Whether it is ridiculous to pay £350 to travel to Paris or not, it is probably a truer reflection of the costs involved of running a long term regular and profitable service. It isn't that people expect to be able to do this for nothing, indeed they realize that being shuttled about in £50 million capital assets isn't likely to be cheap. They really want to be able to travel in sumptuous comfort, being plied with grapes and champagne, and be whisked through to their destination with speed and good grace. The problem is most of them can't afford the true cost of that. The compromise means that the various levels of discomfort and hassle they face, generally justifies the search for a bargain price.

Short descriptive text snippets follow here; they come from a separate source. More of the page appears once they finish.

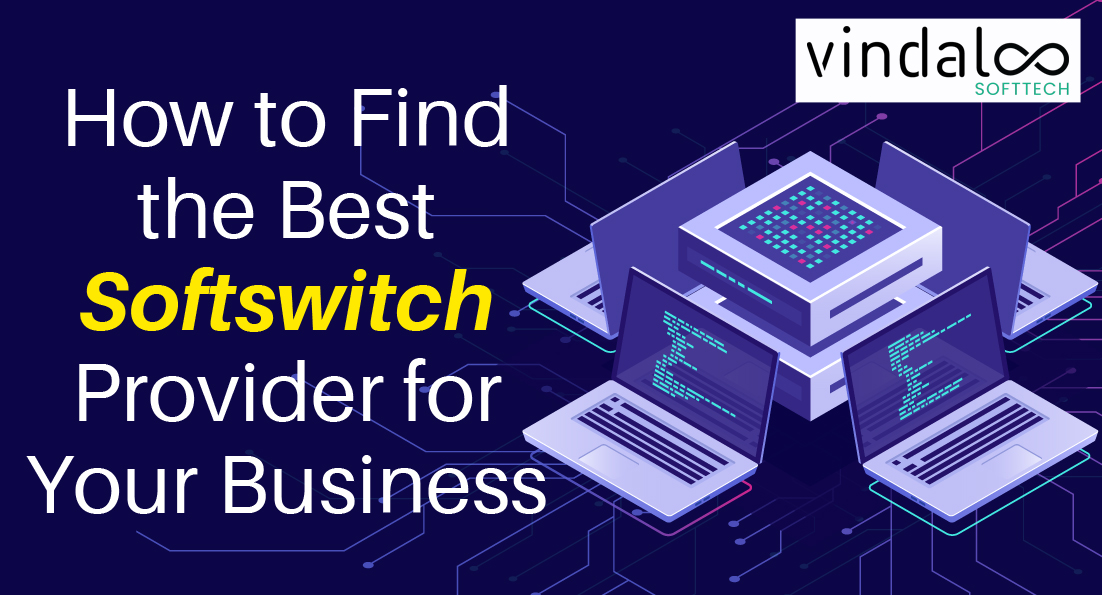 Article about How to Find the Best Softswitch Provider for Your Business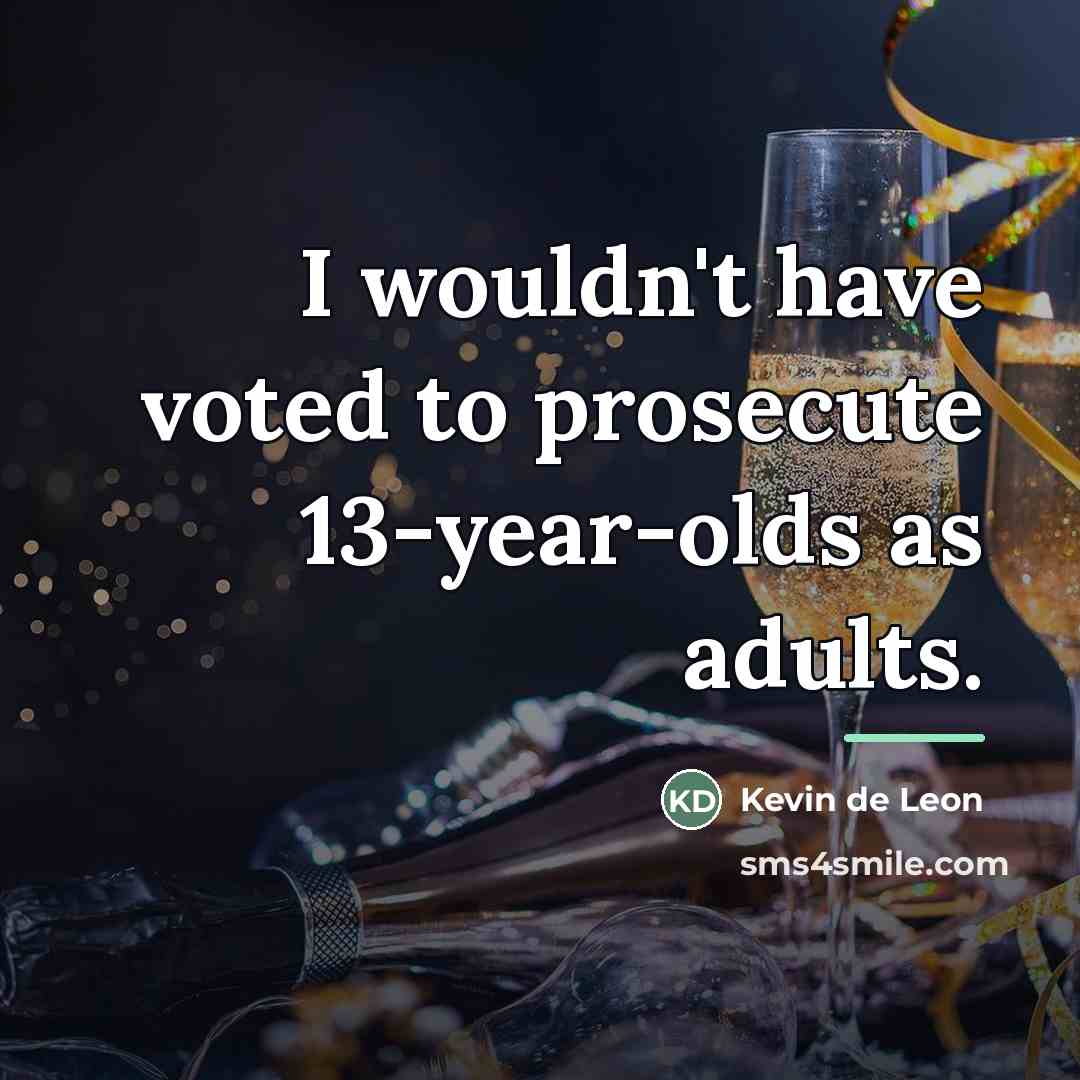 “I wouldn't have voted to prosecute 13-year-olds as adults.…” quote by Kevin de Leon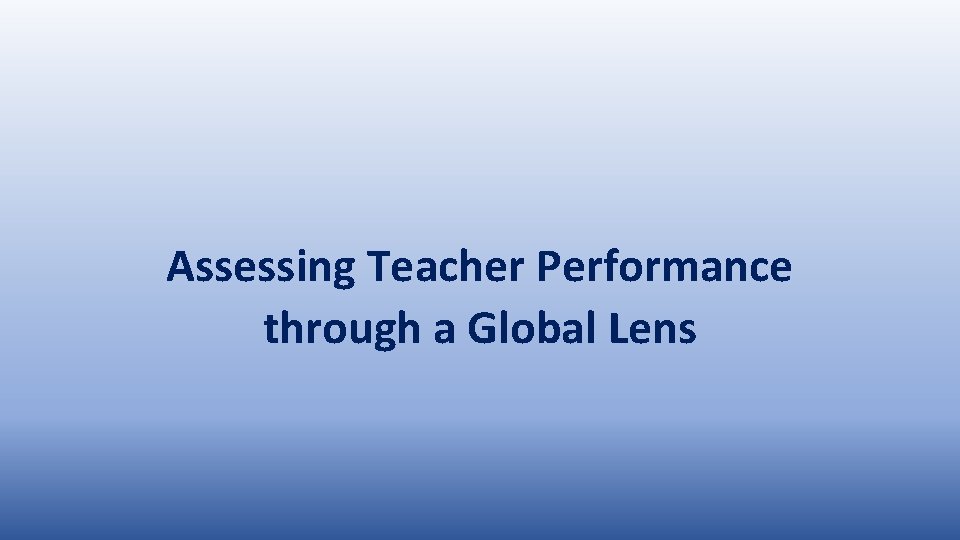 Assessing Teacher Performance through a Global Lens 
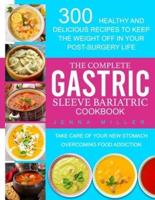 The Complete Gastric Sleeve Bariatric Cookbook: 300 Healthy and Delicious Recipes To Keep The Weight Off In Your Post-Surgery Life. Take Care of Your New Stomach Overcoming Food Addiction
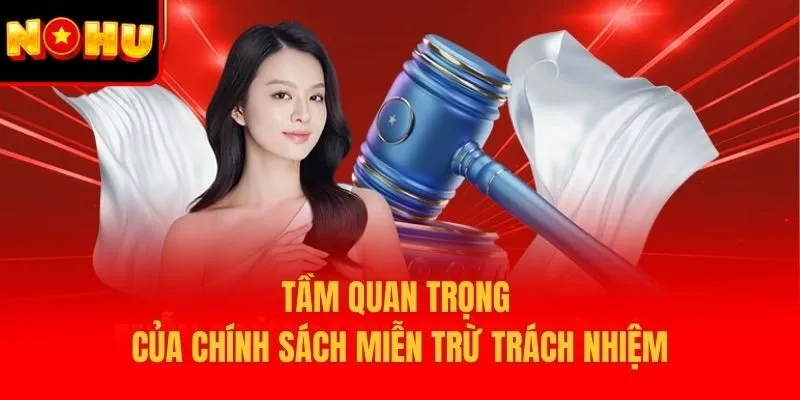 Tầm quan trọng của chính sách miễn trừ trách nhiệm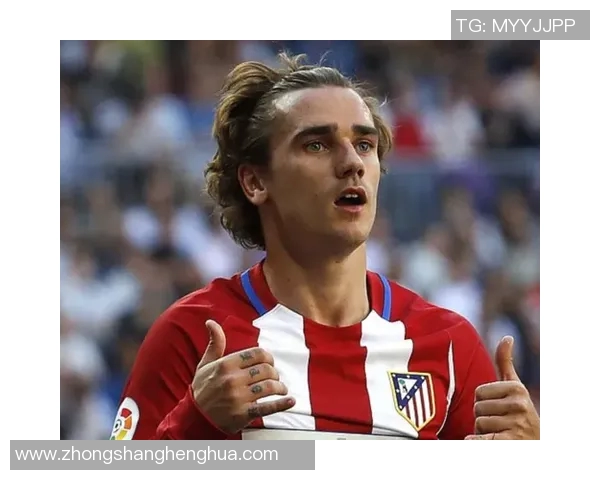 格列兹曼在足球场上的传奇之路与个人成长故事探讨 格列兹曼在足球场上的传奇之路与个人成长故事探讨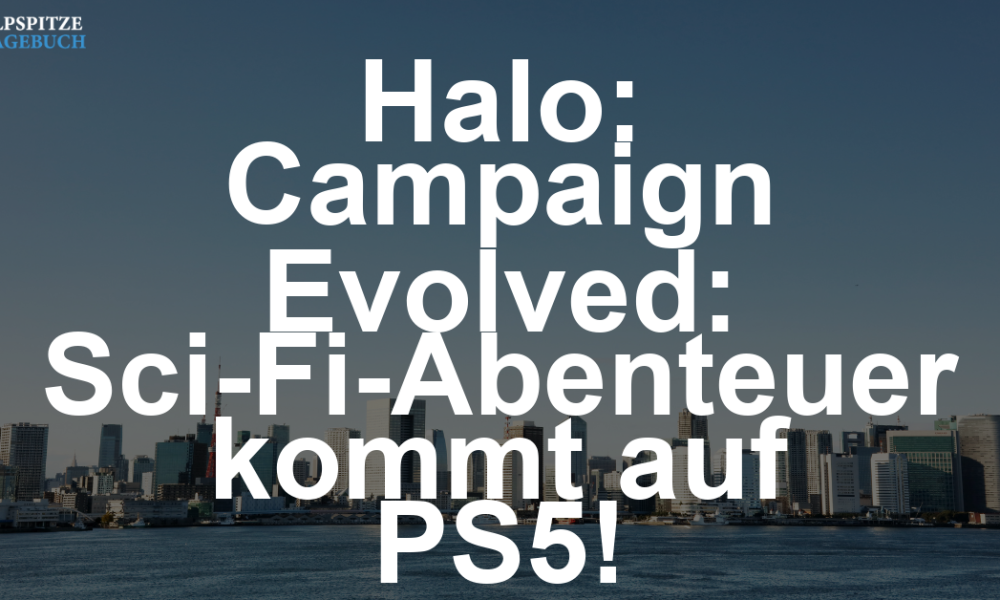 Halo: Campaign Evolved – das ikonische Sci-Fi-Abenteuer kehrt zurück, erstmals auch auf PS5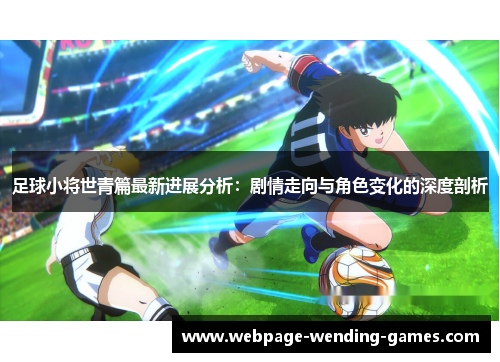 足球小将世青篇最新进展分析：剧情走向与角色变化的深度剖析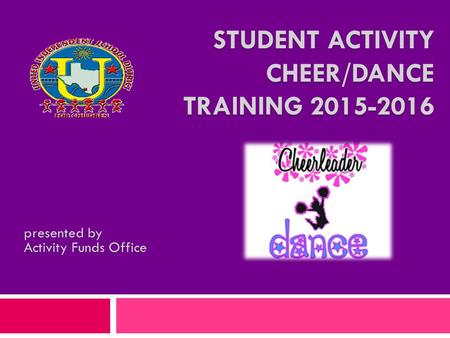 STUDENT ACTIVITY CHEER/DANCE TRAINING 2015-2016 presented by Activity Funds Office.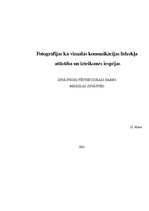 Referāts 'Fotogrāfijas kā vizuālās komunikācijas līdzekļa attīstība un izteiksmes iespējas', 1.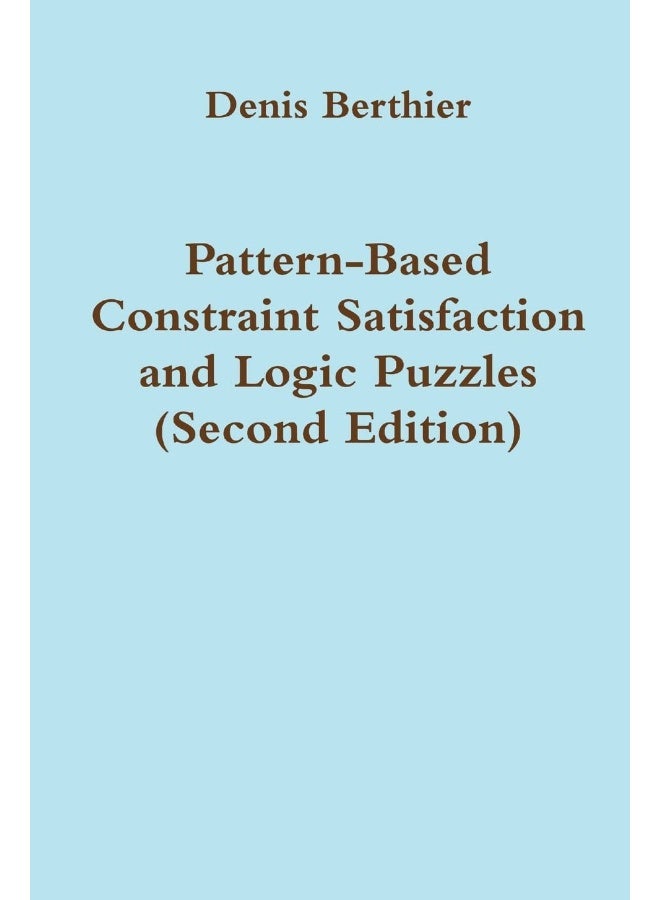 Pattern-Based Constraint Satisfaction and Logic Puzzles (Second Edition)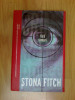 E1 Fara simturi - Stona Fitch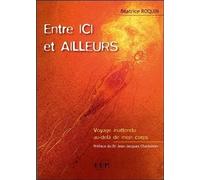Entre ici et ailleurs - Voyage inattendu au-delà de mon corps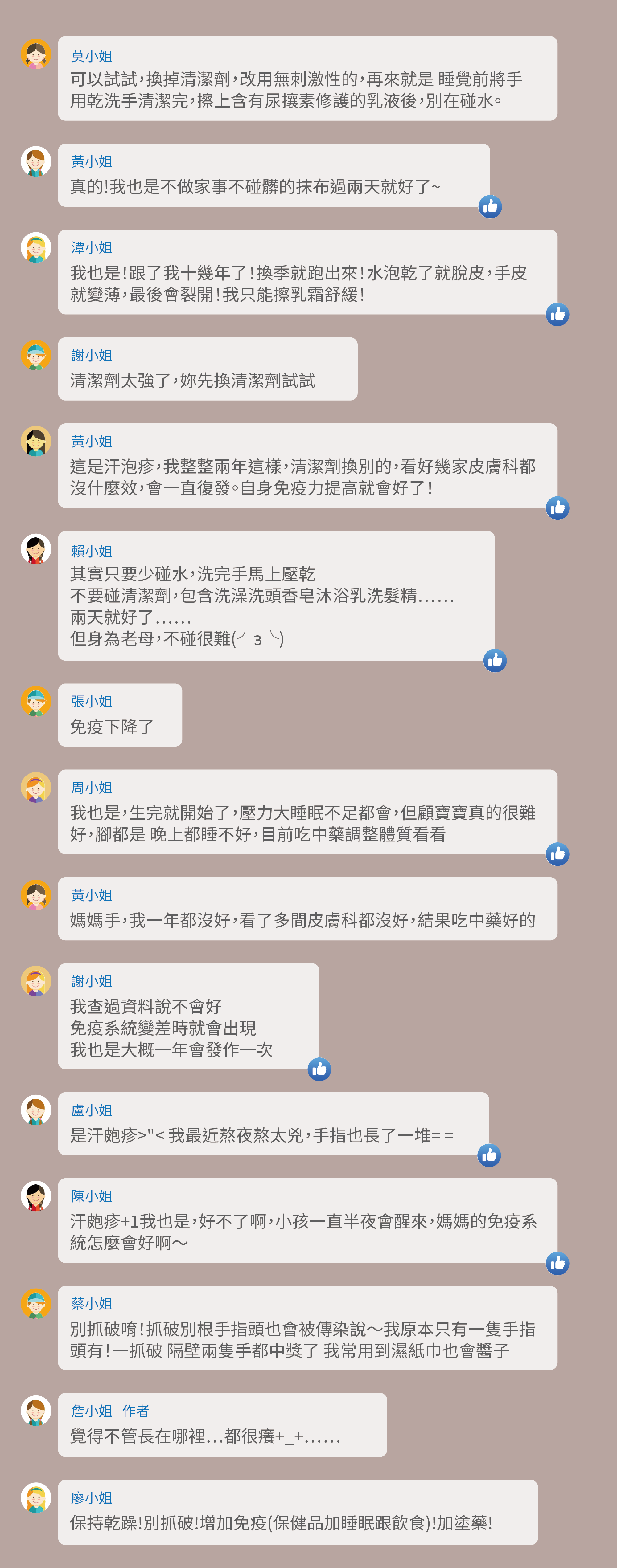 可以試試,換掉清潔劑,改用無刺激性的,再來就是 睡覺前將手用乾洗手清潔完,擦上含有尿攘素修護的乳液後,別在碰水。真的!我也是不做家事不碰髒的抹布過兩天就好了~我也是!跟了我十幾年了!換季就跑出來!水泡乾了就脫皮,手皮就變薄,最後會裂開!我只能擦乳霜舒緩!清潔劑太強了,妳先換清潔劑試試,這是汗泡疹,我整整兩年這樣,清潔劑換別的,看好幾家皮膚科都沒什麼效,會一直復發。自身免疫力提高就會好了!其實只要少碰水,洗完手馬上壓乾,不要碰清潔劑,包含洗澡洗頭香皂沐浴乳洗髮精……,兩天就好了……,但身為老母,不碰很難(╯з╰),免疫下降了,我也是,生完就開始了,壓力大睡眠不足都會,但顧寶寶真的很難好,腳都是 晚上都睡不好,目前吃中藥調整體質看看,媽媽手,我一年都沒好,看了多間皮膚科都沒好,結果吃中藥好的,我查過資料說不會好,免疫系統變差時就會出現,我也是大概一年會發作一次,是汗皰疹>"< 我最近熬夜熬太兇,手指也長了一堆= =,汗皰疹+1我也是,好不了啊,小孩一直半夜會醒來,媽媽的免疫系統怎麼會好啊~別抓破唷!抓破別根手指頭也會被傳染說~我原本只有一隻手指頭有!一抓破 隔壁兩隻手都中獎了 我常用到濕紙巾也會醬子,覺得不管長在哪裡⋯都很癢+_+⋯⋯,保持乾躁!別抓破!增加免疫(保健品加睡眠跟飲食)!加塗藥!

The advent of the pile em high sell em cheap airlines (or supermarkets, car warehouses, etc.) requires that in order to suceed both of the conditions have to be satisfied. That requires very high yield to even hope to achieve any sort of acceptable margin or indeed any profit. The £350 fares probably satisfied the cost base at 50% load factors or less. The bargain basement fares most certainly won't. When that yield starts to fall away, because the novelty wears off, spending priorities change, or more competition comes to town, you are faced with 3 choices: 1) Raise the fares and hope the fickle customers dont run across the street to the competition; 2) cut the operating costs to the bone; 3) Slash your own fares to increase yield even though that yield will still lose you money, and hope that the competition bleeds to death before you do.
As long as there is competition, these will always be the cyclical realities of this market segment. If you want comfort and champagne, take the train from London to Paris, it is quicker, nicer, more convenient, and for all the best advantages will still cost you £350!